Steve Benson, the protagonist in the brilliant The Duplex, once again serves as the focus of Bullins's work and as he skillfully juggles the novel's first and third person voices, Bullins leaves little doubt that he is Steve and that The Reluctant Rapist is his only slightly fictionalized autobiography. A picaresque tale of horror and beauty, failure and success, the novel begins with a street scene in Watts and in a series of flashbacks recalls Steve's--Bullins's life journey, a peregrination motivated by "the memory of the past, of his wasted years from where he came, from his previous trips searching for that something he sensed but hadn't found."
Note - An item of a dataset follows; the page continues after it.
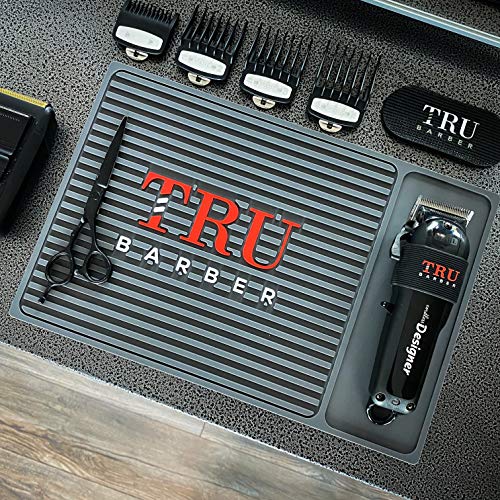 Image of TRU BARBER ORGANIZER MAT 13 inchX 9 inch (CHARCOAL GREY) Flexible PVC Station Mat, Professional Mat, Salon and Barbershop work Station pads, Beauty salon tools hairstylist, Counter mat for clippers, Anti slip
Steve's early years are spent in the streets of Philadelphia's black ghetto that like Bullins's plays are populated by hookers and hustlers, preachers and poor, the hopeful and the hopeless. With a mother whose civil service job provides just enough money to send him across town to school and out of the city during the summer, Steve must struggle to gain acceptance in the ghetto, an acceptance that comes only after a vicious blood-letting fight with a neighborhood gang leader. Success in the street leads to success in the bedroom as he is initiated into sex by a local whore as laurels for his victory.
Unfortunately, the emotionless rite has a permanently damaging effect on Steve's (and Bullins's) attitude towards women. Women are seen as sexual objects and survival of the male ego becomes dependent on crushing the female's. "You sonna bitch," Velma, the lonely housewife Steve seduces and mistreats in The Duplex, curses. "You're a sonna bitch," the first black woman he rapes in The Reluctant Rapist cries out as he defiles her. But instead of being offended by the epithets, he wears them boldly as though they were testimonials to his manliness. For Bullins the only law that operates between man and woman is the law of the jungle as he, the ferocious lion, preys upon what he characterizes as lamb-like women. "What unsettles me most about women," he confesses, "is when they are aggressive." Unlike Eldridge Cleaver, Bullins is unable to raise rape to the status of a socio-political act, for Bullins sees himself as nothing but the legendary black cocksman. "I want what I want and that's the name of the game. And when the game deals with female meat, I'm out to score, baby."
FOLLOWING HIS SEXUAL initiation, Steves passes his early teenage years in a street gang, his later teens in the Navy and his early twenties in a flirtation with the American dream. Going heavily into debt to buy several slum properties, he becomes a slum lord par excellance, carries a brief case, subscribes to The Wall Street Journal, and even runs a whore house on the side. But when the violence and degradation becomes overwhelming, he locks the door to the whore house, leaves everything behind, and heads for the ultimate destination of America's nomadic society: California.
In California he is befriended by a middle-class preacher who turns out to be a homosexual, Bullins's standard characterization of bourgeois male sexuality. After beating up the preacher, Steve moves to Watts and falls in with a Bohemian group of black students who share his romantic view of ghetto life as the novel comes full circle to the opening scene.
As a play The Reluctant Rapist would hold up very well. Bullins's sparse and direct prose reads more like stage directions in setting the scenes for his characters to deliver their earthy and vivid verbal banterings that make up the bulk of the work. But as a novel The Reluctant Rapist fails; it's characterizations shabby and incomplete, its treatment of the complexities of ghetto life simplistic.
Bullins wrote The Reluctant Rapist over the past ten years in between working on the most extraordinary project any American playwright has ever undertaken, a series of 20 full-length plays on the black experience in America that Bullins calls his "Twentieth Century Cycle." Comparing the five plays in the cycle already completed (In the Wine Time, In New England Winter, The Duplex, The Fabulous Miss Marie, and Home Boy) with The Reluctant Rapist it becomes painfully clear that there is no transitive law of genius between playwrights and novelists.